# Вопросы-ответы > Межконфессиональный диалог >  Что вам дает молитва?

## Ахметзянов Хамти

> Просите, и дано будет вам; 
> ищите, и найдете; 
> стучите, и отворят вам;
> ибо всякий просящий получает, и ищущий находит, и стучащему отворят.
> Есть ли между вами такой человек, который, когда сын его попросит у него хлеба, подал бы ему камень?
> и когда попросит рыбы, подал бы ему змею?
> Итак если вы, будучи злы, умеете даяния благие давать детям вашим, тем более Отец ваш Небесный даст блага просящим у Него.





> Истинная молитва помогает духовному росту, изменяет взгляды и приносит то удовлетворение, которое дает общение с божественностью. Она является самопроизвольным потоком богосознания. 
> 
> Бог отвечает на молитвы человека, расширяя его понимание истины, улучшая восприятие красоты и углубляя представление о добродетели. Молитва — субъективный поступок, однако она входит в соприкосновение с могущественными объективными реальностями на духовных уровнях человеческого опыта. Она является значительным стремлением человека к сверхчеловеческим ценностям. Молитва — это наиболее мощный стимул духовного роста. 
> 
> Не будьте столь нерадивы, чтобы просить Бога избавить вас от трудностей, однако всегда, не колеблясь, обращайтесь к нему за мудростью и стойкостью духа, которые будут вести и поддерживать вас, пока вы будете решительно и мужественно решать возникающие проблемы.

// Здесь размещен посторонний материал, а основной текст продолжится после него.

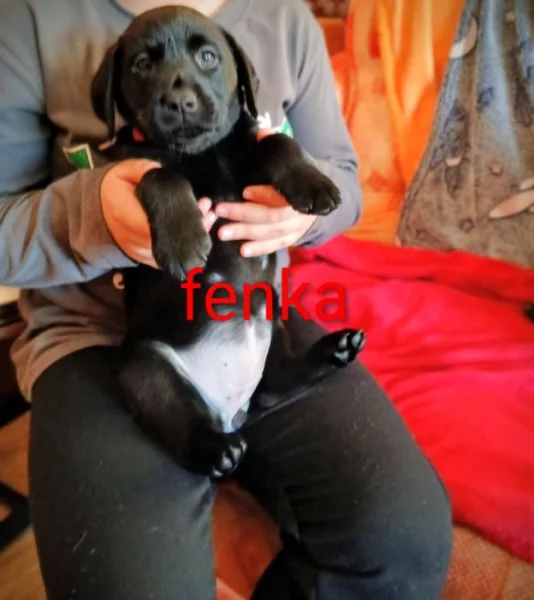 Štěňátka labradoru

В тяжелые моменты жизни, христиане часто обращаются к Богу с молитвами. Они уверены, что Бог не оставит их в эту трудную минуту и это придает им силу духа и мужество для преодоления возникшей проблемы.

А что дает молитва верующим вашей конфессии?

----------


## Mahottsava Gauranga das

Молитва - это обращение людей к Богу. Но как это ни парадоксально, не всякая молитва равнополезна нам. Иногда у человека может быть сильным материальный интерес при одновременной вере в Бога. В этом случае за молитвой может стоять стремление того, чтобы Бог исполнил наши материальные желания. Такова корыстная позиция, когда своими просьбами мы пытаемся эксплуатировать Бога. Это не очень хорошо, так как только подобное отношение к Богу не позволит нам научиться служить Ему и полюбить Его. Поэтому важно обращаться к Богу в желании развить настроение служения Ему. В этом нам помогает ежедневное воспевание в молитвенном настроении мантры Харе Кришна, которая в переводе означает: "О Господь и Его возвышенная супруга, займите, пожалуйста нас в служении Вам".

----------